Loremo AG
- Company type: Public company
- Industry: Automotive industry
- Founded: 2000
- Defunct: 2010
- Headquarters: Marl, Recklinghausen (district), Germany
- Key people: Thomas Zollhoefer

= Loremo =

German automaker company

Loremo AG was a German automaker corporation, based in Marl, North Rhine-Westphalia. It was founded in 2000 and went out of business in 2010. Loremo was focused on designing prototypes of cars with very low weight and air resistance, the term "Loremo" is an abbreviation for "Low Resistance Mobile". Initially the car was conceived for emerging markets such as China and India. The project is currently inactive. No plans to restart development are currently known.

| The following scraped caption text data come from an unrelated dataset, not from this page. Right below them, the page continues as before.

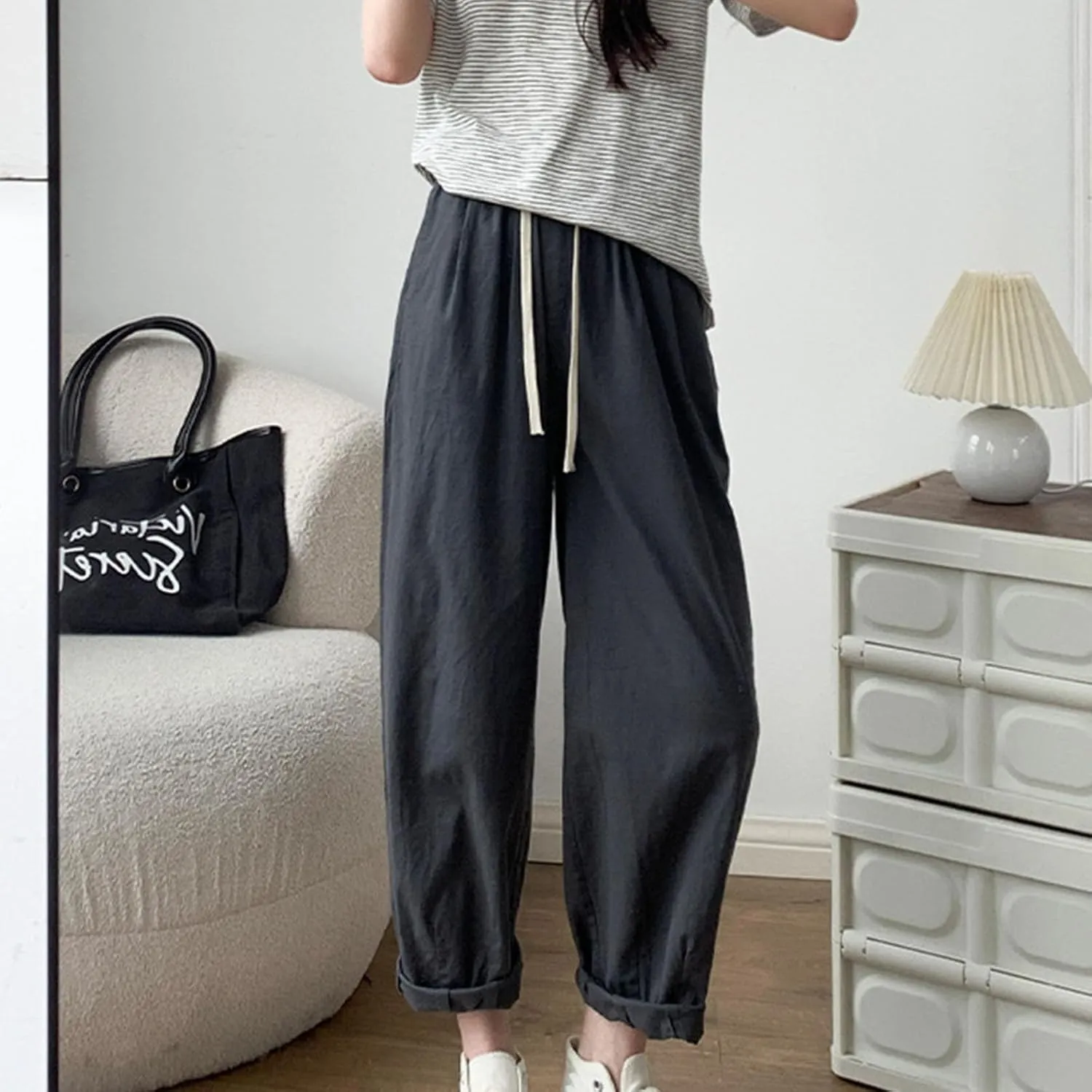 FZYLQY Women's Cotton Linen Pants Casual Baggy Harem Pants Loose Fit High Waisted Beach Drawstring Palazzo Trousers Pockets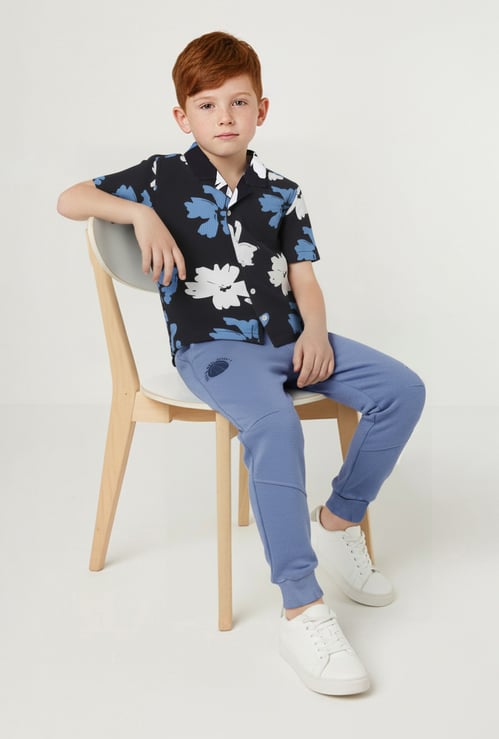 Boys Floral Print Oversized Shirt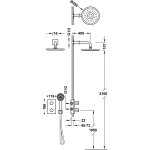 Tres THERM-BOX ZESTAW BATERII TERMOSTATYCZNEJ PODTYNKOWEJ 2-DROŻNEJ THERM-BOX PRYSZNICOWEJ-21625004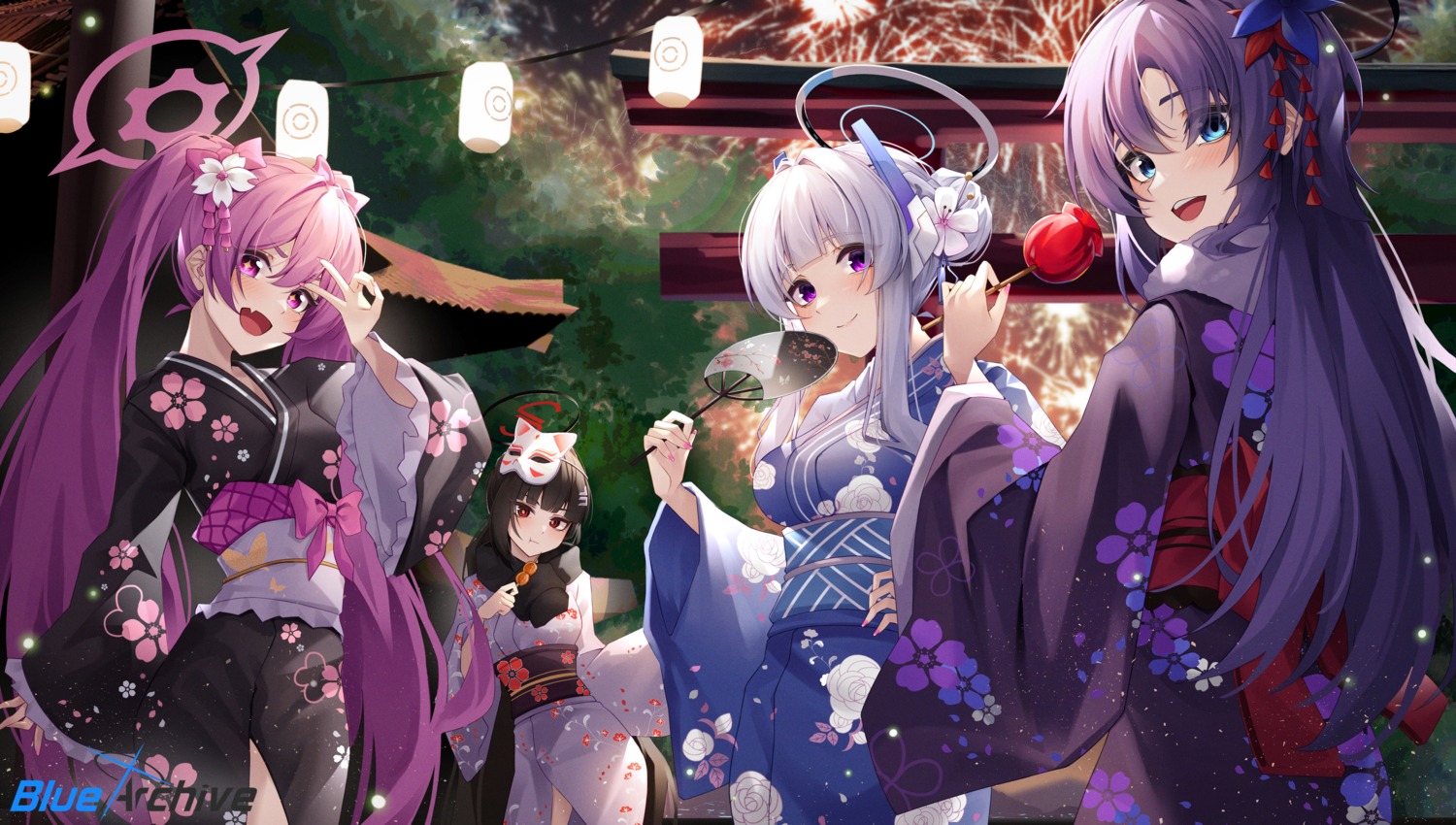 blue_archive, halo, hayase_yuuka, hidel, kimono, kurosaki_koyuki, tsukatsuki_rio, ushio_noa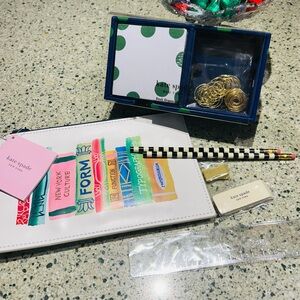 NWT-Kate Spade New York Desk Organizer Stationery Set | Pens, Pouch, Clips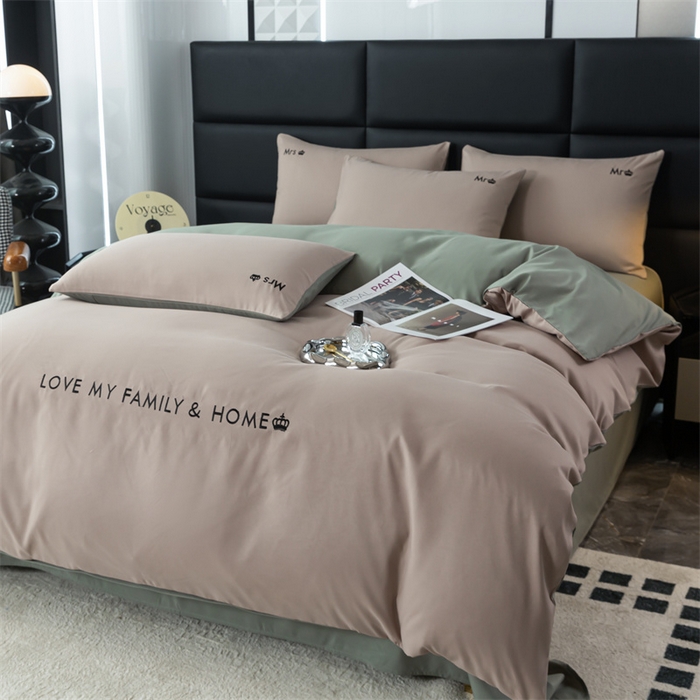 91家纺网 家纺一手货源 找家纺 梦莱家纺 2024新款磨毛刺绣四件套 卡其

==Gasoline and diesel vehicles==

At the 2006 Geneva Auto Show, the company demonstrated its concept car which the company said would become a 157 mpg_{US} (1.5 L/100 km) turbodiesel car. Two different Loremo models were waiting in the pipeline to be produced: the Loremo LS base model, and the sportier Loremo GT. The Loremo GT would have been based on a three-cylinder turbo diesel engine and with this configuration the vehicle still would have managed to achieve 87 miles per gallon. Both models would have been equipped with a manual transmission and be mid-engined in a 2+2 configuration.

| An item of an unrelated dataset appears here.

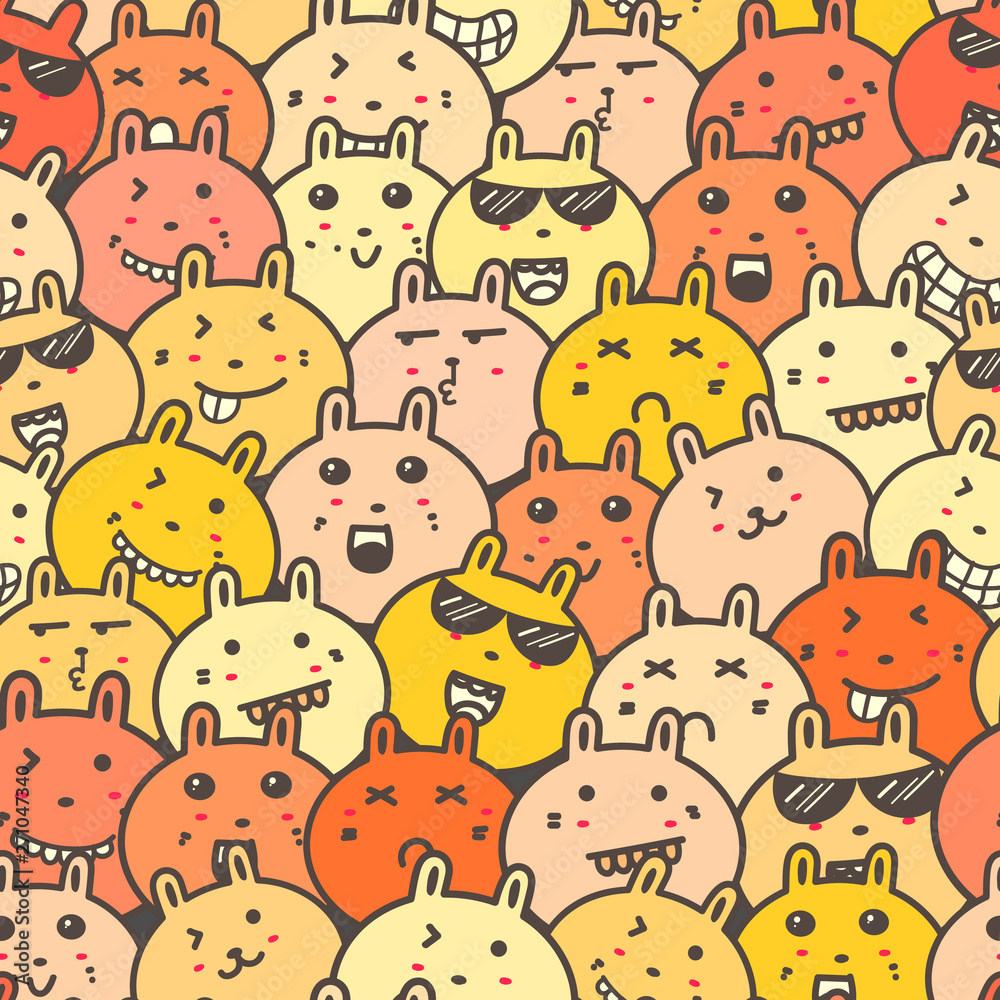 Seamless pattern with lovely bunny background, Cute rabbit doodle art for kids, Vector illustrations for gift wrap and fabric design. Seamless pattern with lovely bunny background, Cute rabbit doodle art for kids, Vector illustrations for gift wrap and fabric design.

According to the company, the Loremo LS base model would have produced only 50 grams of carbon dioxide per kilometer, which would have been better than any other car on the market in terms of environmental sustainability. By comparison, the next most energy efficient model was the Smart by German automaker Daimler AG which produced 88 grams of carbon dioxide per kilometer.

The presentation of the Loremo during the Geneva Motor Show in 2006 focused on the car's body, as it still lacked an engine. In September 2007, the company successfully accomplished the car's proof of concept in Frankfurt, as part of the annual International Motor Show. In preparation of presenting the first driving prototype, the Loremo L1 was equipped with a turbodiesel motor. However, in light of diminishing fossil fuels, an electric motor was expected to be available in the lineup in addition to the originally planned models.

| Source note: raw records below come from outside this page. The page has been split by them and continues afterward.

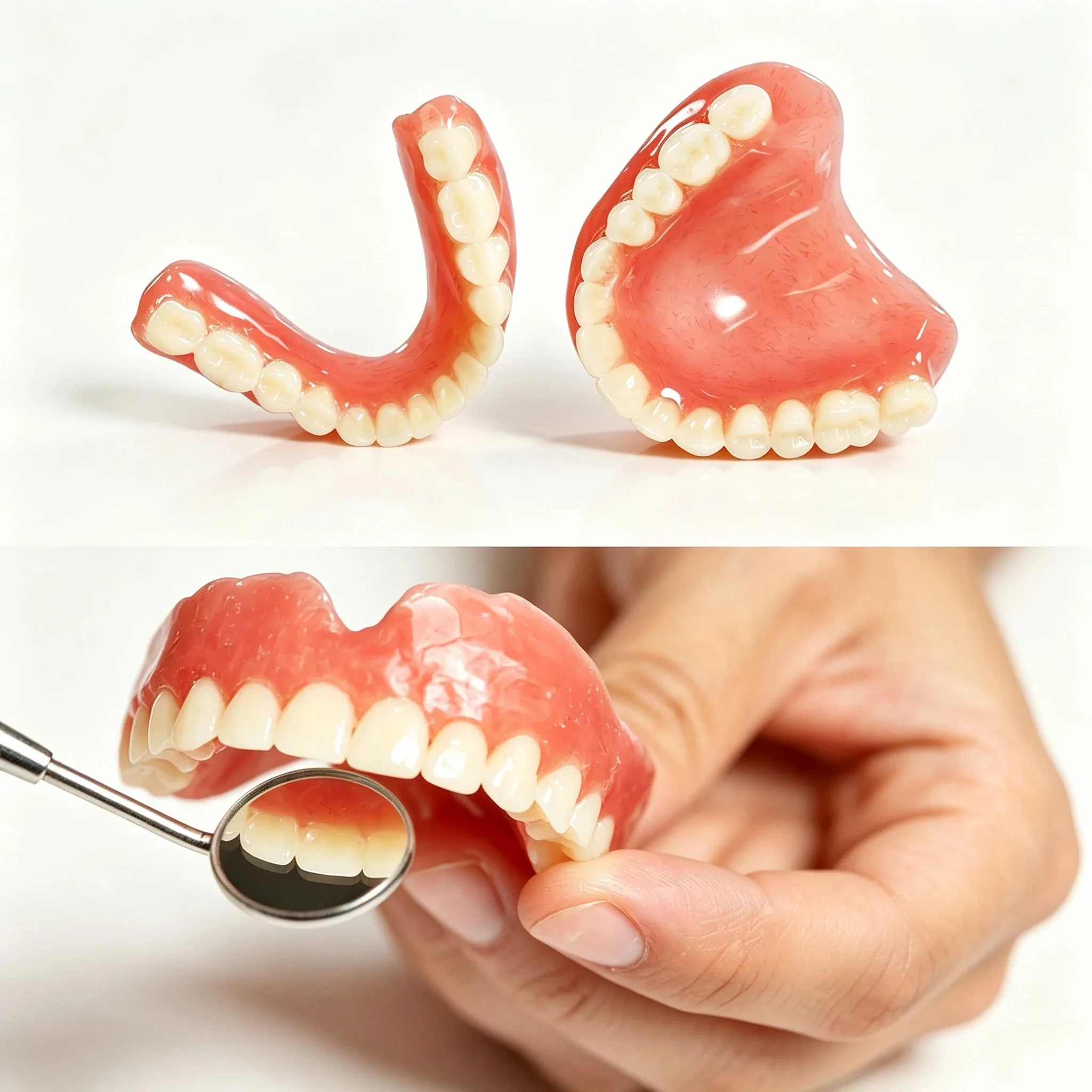 Upgraded Pro Soft Supple Silicone Dentures Complete Partial Detachable Natural False Teeth Adult Dental Fix for All Daily Meals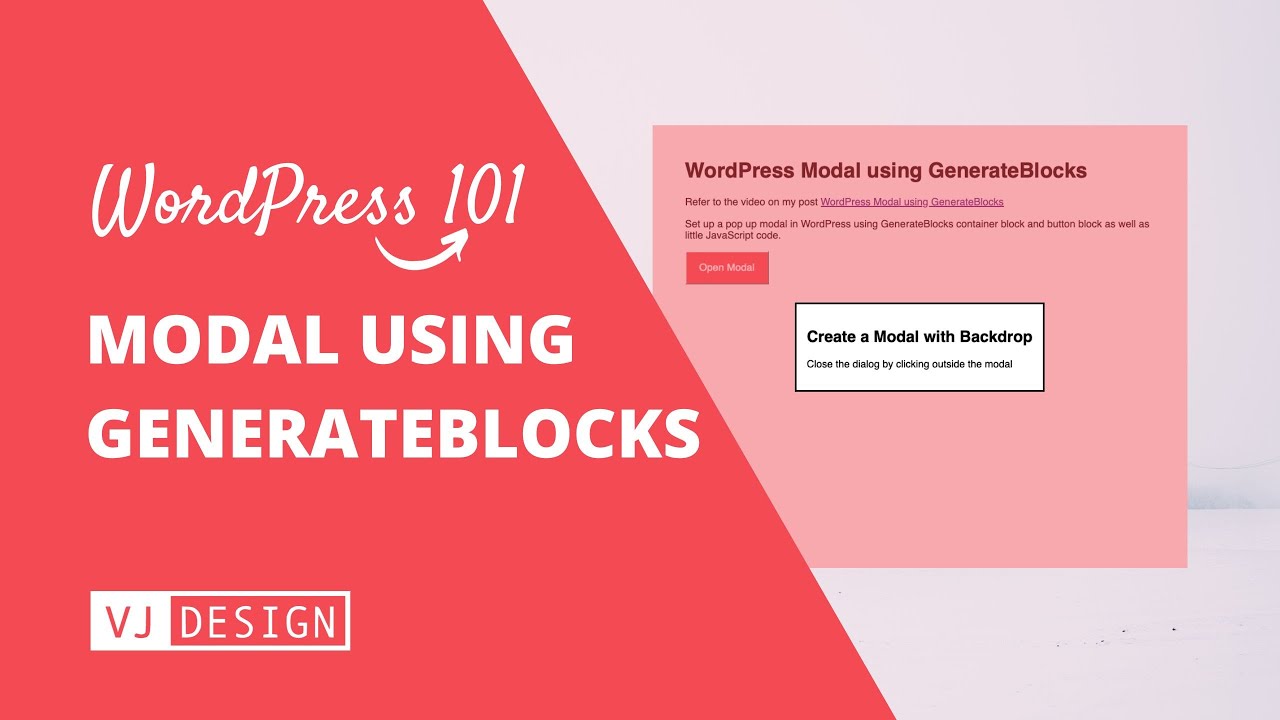 Wordpress Modal Using Generateblocks Youtube
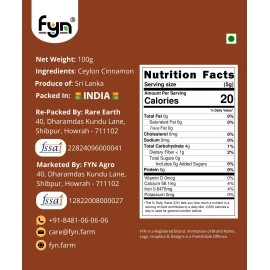 FYN True Ceylon Cinnamon Quills (100gram) - World\'s Best - Sri Lankan Dalchini Sticks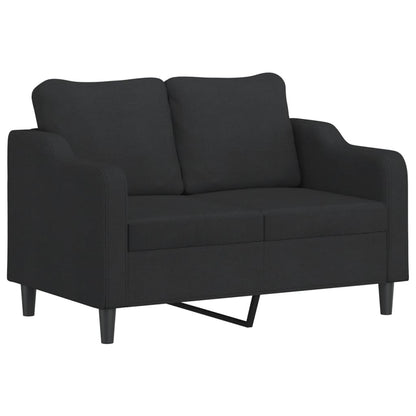 Set Divani 2 pz con Cuscini Nero in Tessuto | homemem39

On 21 January 2009 the company announced that the more powerful version Loremo GT would not be equipped with a 3-cylinder diesel engine but with a more powerful (850 cc, 45 KW) petrol engine.

There were no conventional doors on the Loremo automobile. Getting in and out of the car was done by lifting the front portion of the car, including the windscreen, up and forward. The section was hinged at the front of the car where a radiator would normally sit. This method of entry is unconventional, but Loremo AG says that it is convenient.

The project was in prototype stage; specific plans for mass production had not been made public. An area reserved for setting up a factory in Indupark Dorsten-Marl was on offer to other organisations since the start of 2009.

A boardroom shuffle and a lack of partners and capital financing left the project with an uncertain future. A new entry in the company blog was made in August 2010, claiming "promising discussions with a reputable investor from Asia".

According to Car and Driver magazine in August 2010, the Loremo "can't be saved" and "it's over".

==All-electric vehicles==
The next step in development would have been an electric-powered car.

According to the company, on 11 April 2009 the electrical version Loremo EV drove for the first time on public roads and reached speeds of up to 100 km/h. A film about this drive was published on YouTube.